Work instructions: Below is a listing with pictures. Repeat exactly the lines starting at the one holding "DRMTLGY Essential Facial" and going on through the one holding "Patent US12102675 Figure", and leave every picture out.
· · ·
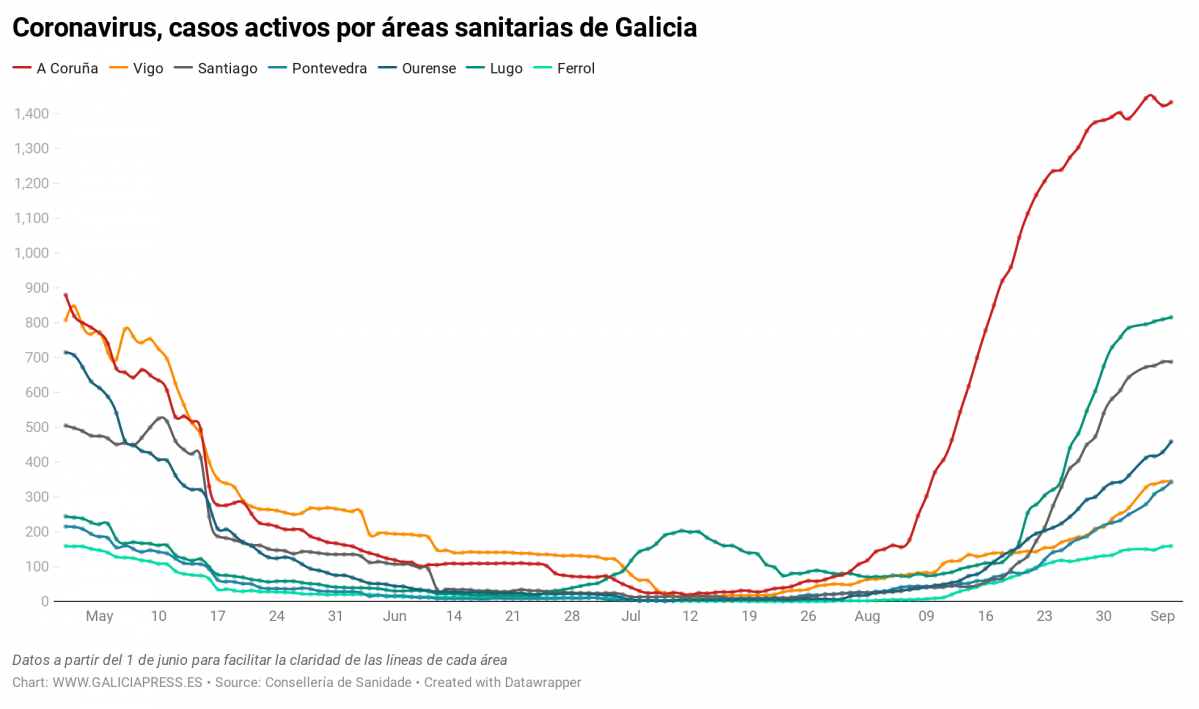 Uq1eR coronavirus casos activos por reas sanitarias de galicia nbsp 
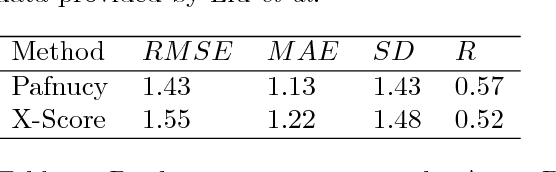 Figure 3 for Development and evaluation of a deep learning model for protein-ligand binding affinity prediction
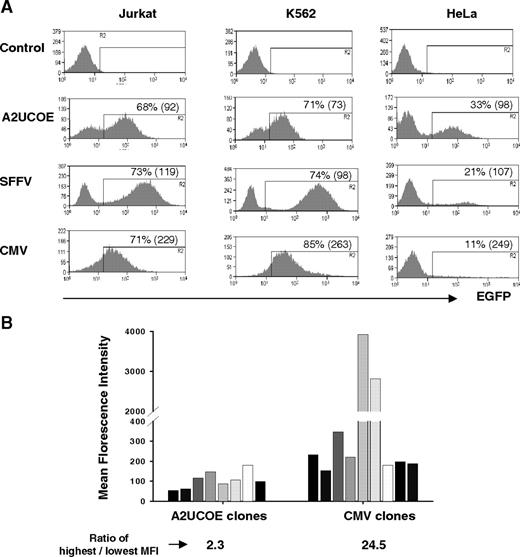 Figure 3. An A2UCOE regulatory element within a lentiviral vector confers consistent transgene expression. (A) Lentiviral vectors containing an EGFP reporter gene under the control of the A2UCOE, SFFV, or CMV promoters (Figure 1B) were used to transduce Jurkat (T-cell), K562 (myeloid), and HeLa (carcinoma) human cell lines at an MOI of 1. Cells were analyzed by flow cytometry, and plots of percentage EGFP-positive cells (y-axis) verses fluorescence intensity (x-axis) are shown. Data shown are from 14 days of culture. The percentage of total EGFP-positive cells is shown in each plot. The coefficient of variation (CV) of EGFP-positive cells for each type cell is shown in the parentheses. Note that discrete peaks of EGFP-positive cells that are seen with A2UCOE-EGFP in all cells lines in conjunction with a lower CV suggest a more homogeneous transgene expression pattern compared with the SFFV and especially the CMV viral promoters. (B) Lentiviral vectors containing an EGFP reporter gene under control of either the A2UCOE or CMV promoters (Figure 1B) were used to transduce HeLa cells at an MOI of 0.3. Single EGFP-expressing cells were sorted by FACS and clonally expanded in culture. EGFP fluorescence intensity was analyzed by FACS in selected cell clones carrying a single copy of vector transgene. Note that expression from the A2UCOE construct between clones is highly reproducible and 10-fold lower in degree of variation than with the CMV promoter.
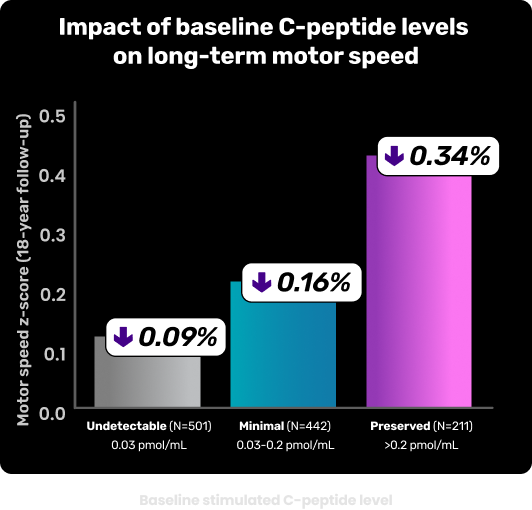 Impact of baseline C-peptide levels on long-term; Motor speed z-score (18-year follow-up) vs Baseline stimulated C-peptide level; Undetectable (N=501) 0.03 pmol/mL=0.09%; Minimal (N=442) 0.03-0.2 pmol/mL=0.16%; Preserved (N=211) >0.2 pmol/mL=0.34%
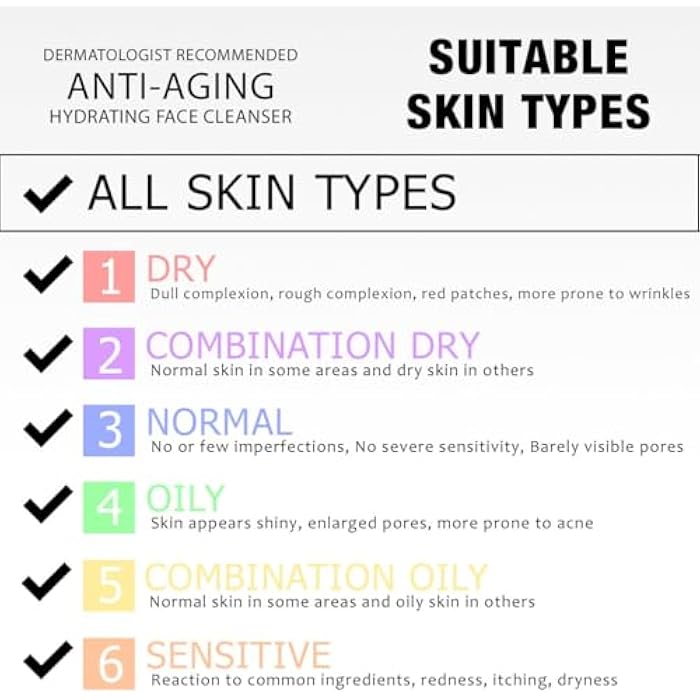 DRMTLGY Essential Facial Cleanser - Gentle Face Cleanser and Face Wash for Women and Men with Anti-Aging Peptides & Hyaluronic Acid. 6.9 fl oz - Image 4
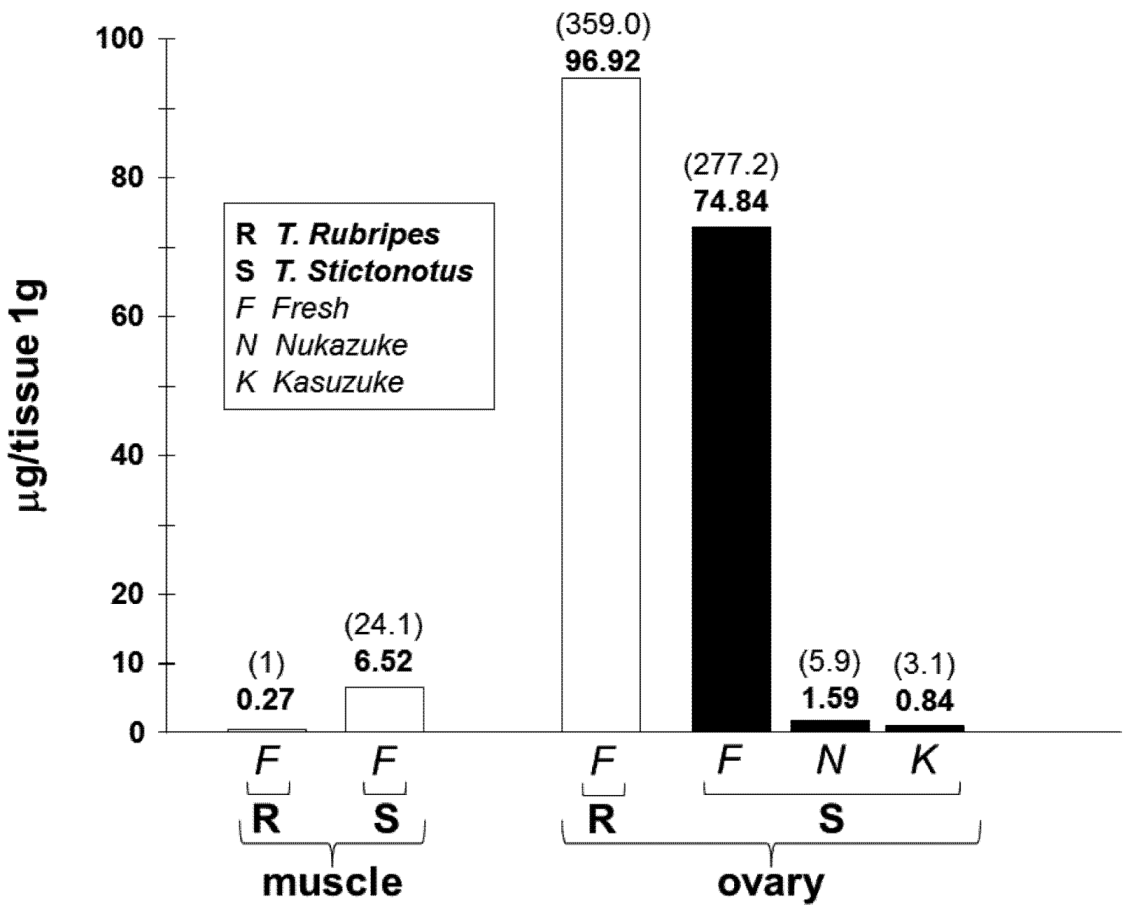 Toxins 05 00193 g005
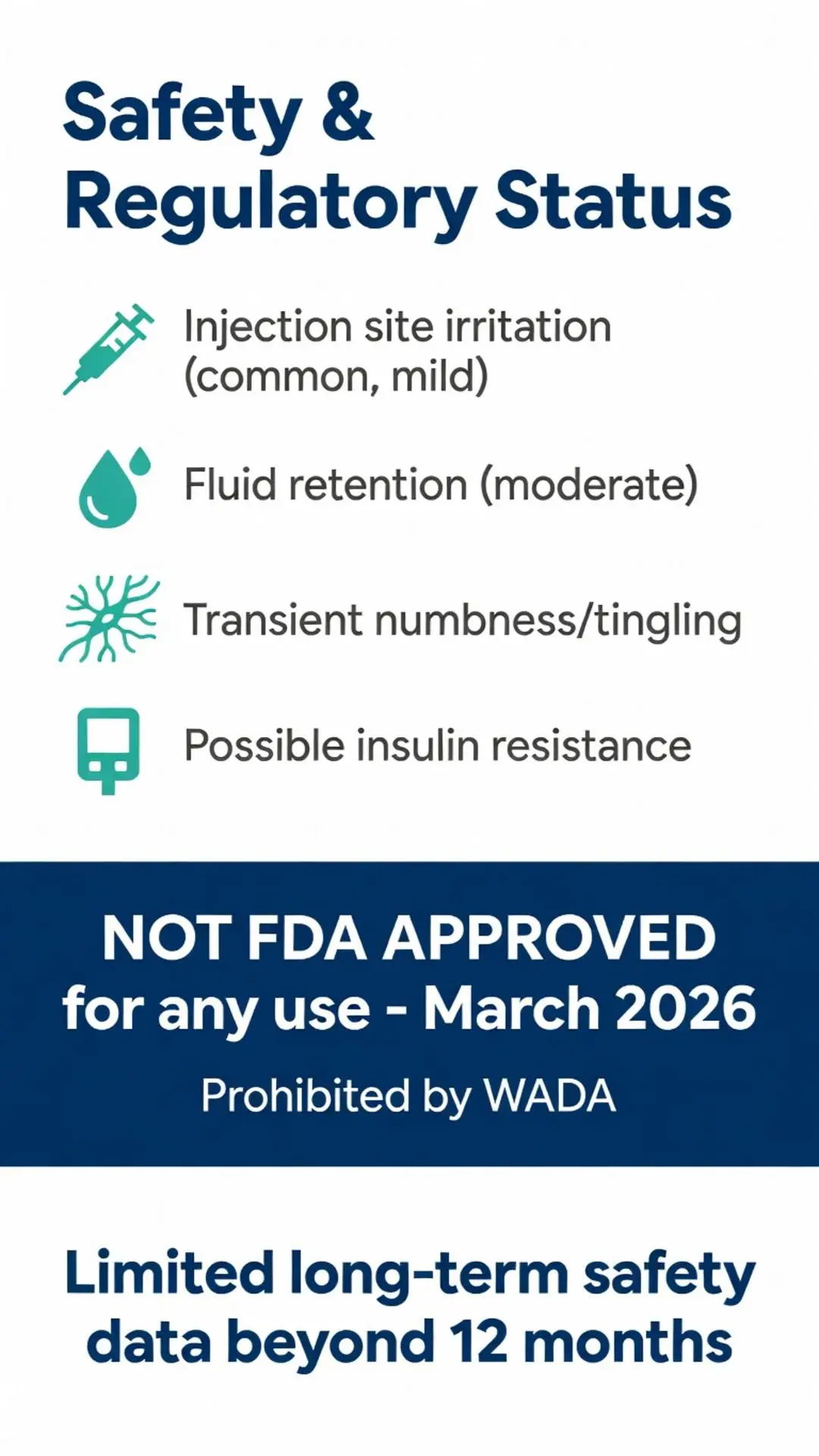 CJC peptide safety and regulatory status infographic detailing side effects, not FDA approved warning as of March 2026, WADA prohibited, and limited long-term safety data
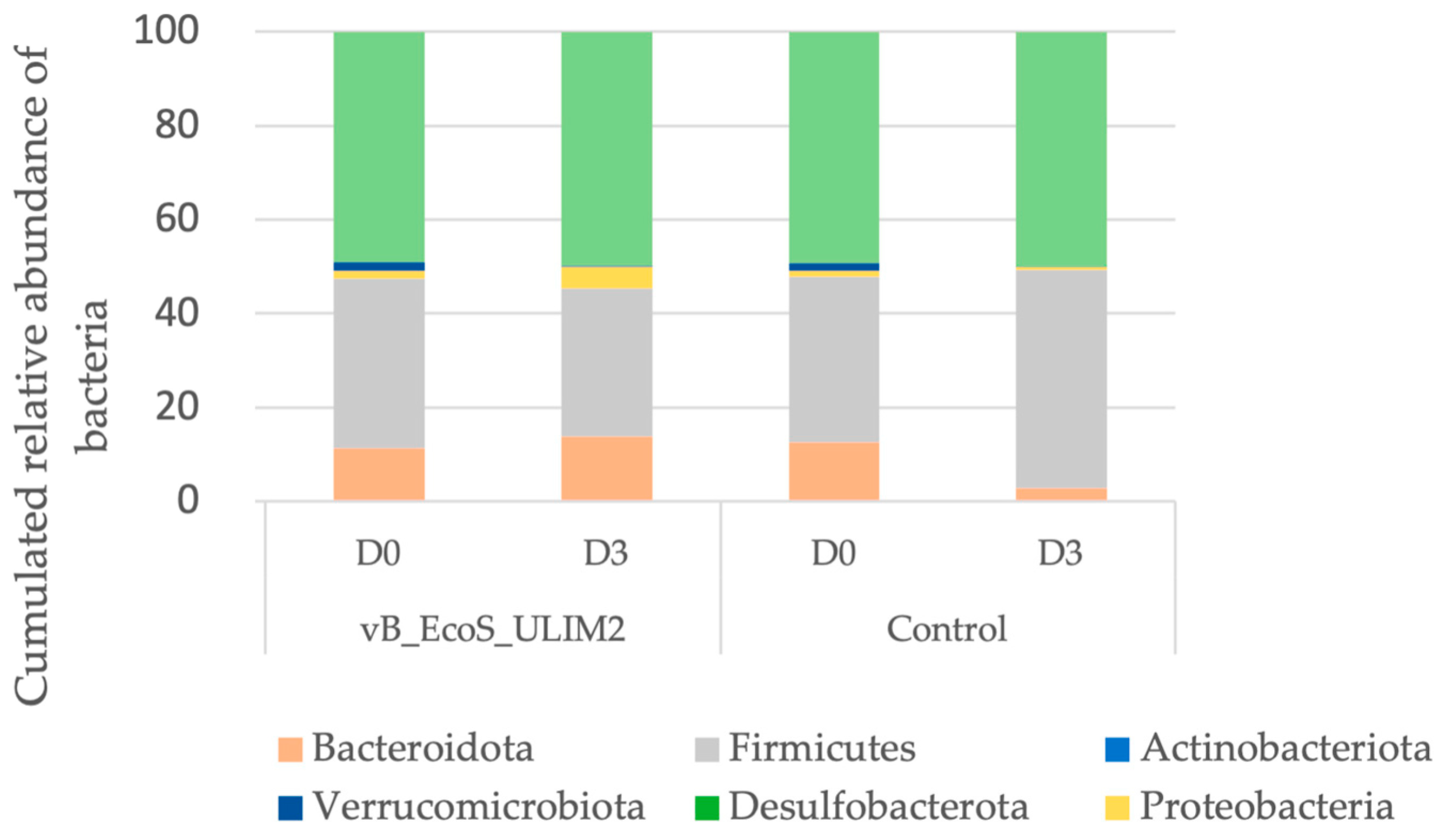 Viruses 15 01053 g008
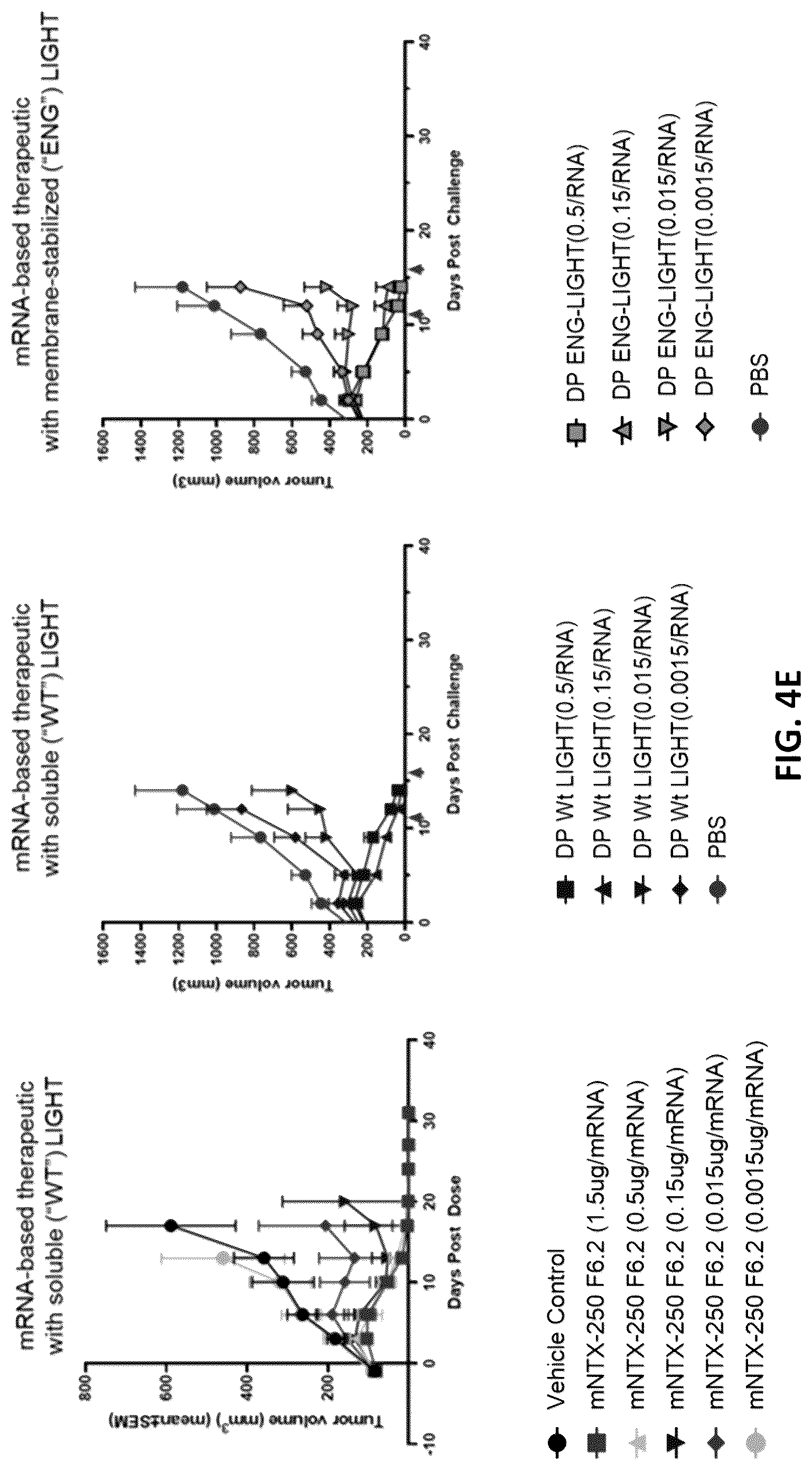 Patent US12102675 Figure 12 – MRNA therapeutic compositions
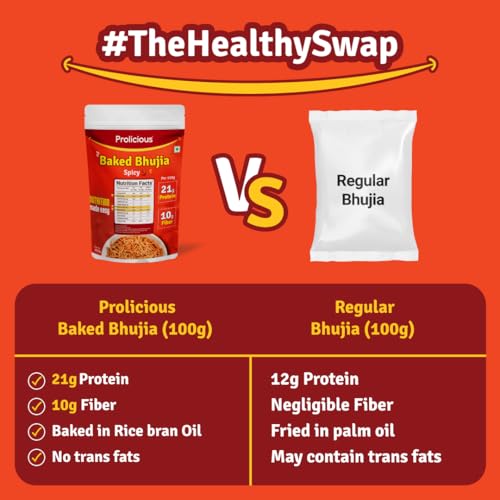 Image of Prolicious 10g Protein, High Fiber | Healthy Weightloss Snack | No Palm Oil, No Transfat | Made with Whole Foods |Baked Mathri-Bhujia Snack Combo (250g each Pack of 2)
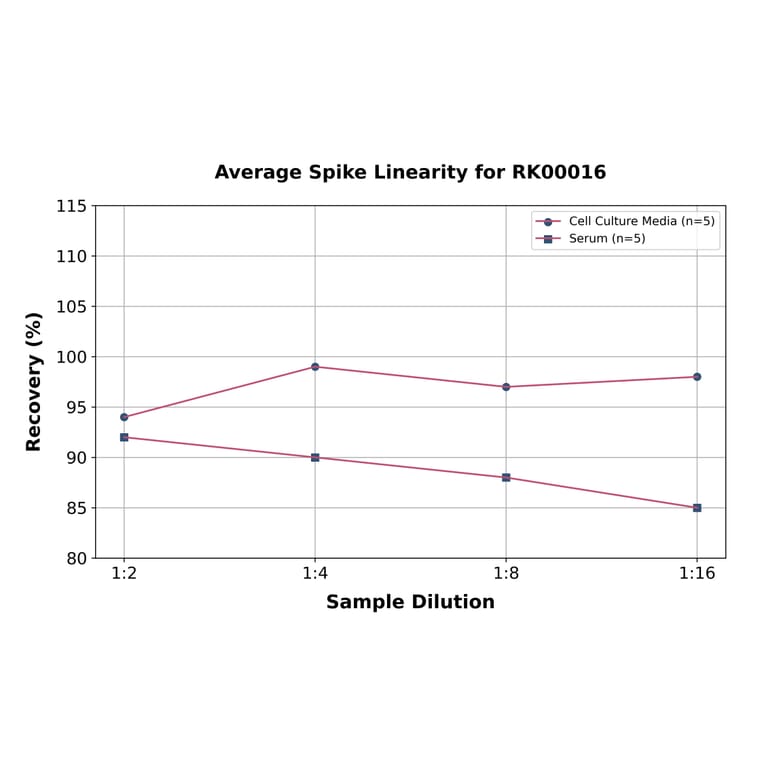 Standard Curve - Mouse IL-10 ELISA Kit (A117463) - Antibodies.com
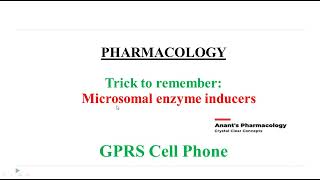 Microsomal Enzyme Inducers [upl. by Hauck]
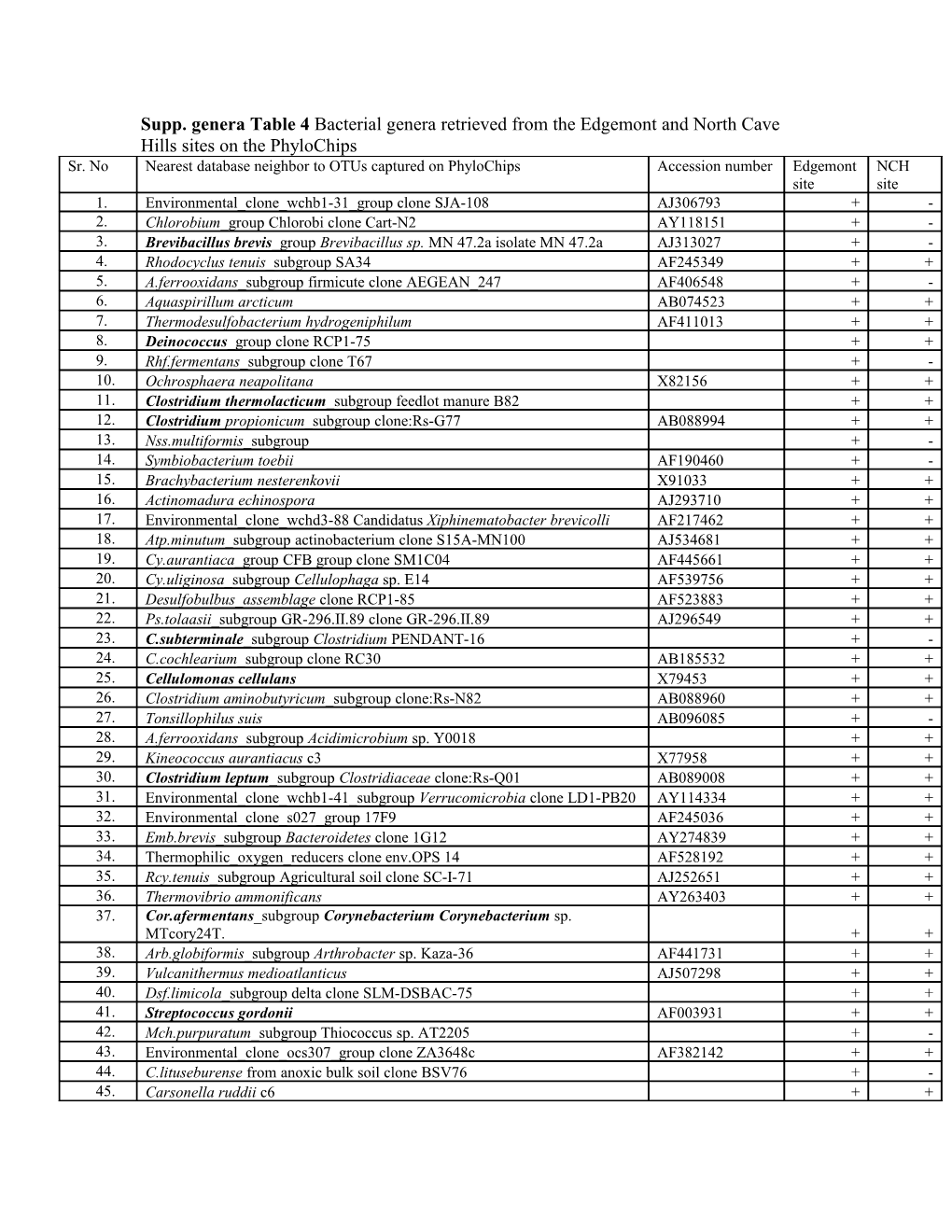 Supp. Genera Table 4 Bacterial Genera Retrieved from the Edgemont and North Cave Hills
· · ·
Answer box:
 DRMTLGY Essential Facial Cleanser - Gentle Face Cleanser and Face Wash for Women and Men with Anti-Aging Peptides & Hyaluronic Acid. 6.9 fl oz - Image 4
 Toxins 05 00193 g005
 CJC peptide safety and regulatory status infographic detailing side effects, not FDA approved warning as of March 2026, WADA prohibited, and limited long-term safety data
 Viruses 15 01053 g008
 Patent US12102675 Figure 12 – MRNA therapeutic compositions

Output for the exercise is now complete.